Intervention de Sébastien Nadot (Écologie

Réunion du lundi 14 septembre 2020 à 14h00
Commission des affaires économiques

Sébastien Nadot (Écologie, Démocratie, Solidarités) :

Merci.

La communauté de la science et de la recherche attendait avec impatience ce projet de loi de programmation de la recherche. C'est donc avec satisfaction et intérêt que le groupe EDS souhaite apporter sa contribution à l'examen de ce texte.

Dans cet esprit, nous avons déposé plus d'une cinquantaine d'amendements pour l'examen en commission des affaires culturelles et de l'éducation. Ce travail a été conduit en étroite collaboration avec les acteurs de la recherche et de l'enseignement supérieur, qui ont pu nous alerter sur plusieurs points.

La trajectoire budgétaire qui structure ce texte sur une période inhabituellement longue ne correspond pas à un exercice budgétaire sincère, et ne correspond pas davantage aux enjeux du secteur ni aux réalités économiques et politiques de notre pays. Ramener la périodisation du projet de loi à 2027 s'impose à nos yeux. C'est ce que réclame l'ensemble des acteurs de la recherche du pays et ce que laisse entendre fortement le Conseil d'État dans son avis. De nombreux amendements émanant de plusieurs groupes parlementaires ont été déposés en ce sens. Il est important que le Gouvernement et la majorité ne s'opposent pas à cette amélioration cruciale du texte.

L'effort budgétaire doit par ailleurs se concentrer en début de période. Nous saluons à cet égard l'effort budgétaire consacré à la recherche par le plan de relance. Les annonces du Premier ministre devront, bien entendu, être suivies d'actes.

Le texte semble oublier les principaux acteurs de la recherche en France que sont les maîtres de conférences et les personnels administratifs.

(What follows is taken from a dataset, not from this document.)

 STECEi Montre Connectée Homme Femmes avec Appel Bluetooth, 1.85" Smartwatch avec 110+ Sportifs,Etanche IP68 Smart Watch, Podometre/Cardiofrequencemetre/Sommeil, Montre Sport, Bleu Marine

Rien sur l'articulation essentielle entre recherche et enseignement supérieur ! C'est un non-sens économique.

Concernant les nouveaux dispositifs de recrutement, l'étude d'impact ne permet pas d'émettre un avis fondé, en particulier sur le système de tenure track. Ce modèle d'inspiration anglo-saxonne semble ici plaqué sur le système français sans réflexion sur la cohérence d'ensemble. En tout cas, l'étude d'impact ne fournit pas d'éléments permettant de préciser les choses. La précarisation et la discrimination des femmes, que l'on constate dans les pays où existe ce système, ne semblent pas prises en compte dans le projet de loi. Plusieurs groupes parlementaires demandent la suppression de l'article 3. Nous espérons que le Gouvernement et la majorité comprendront qu'en l'état, l'introduction du système de tenure track en France est précipitée. Le projet de loi n'apporte pas de garanties suffisantes contre la précarisation et les effets de discrimination à l'encontre des femmes chercheurs. La mise en cohérence du dispositif avec la voie principale de recrutement par concours des enseignants-chercheurs n'est pas démontrée, voire ignorée.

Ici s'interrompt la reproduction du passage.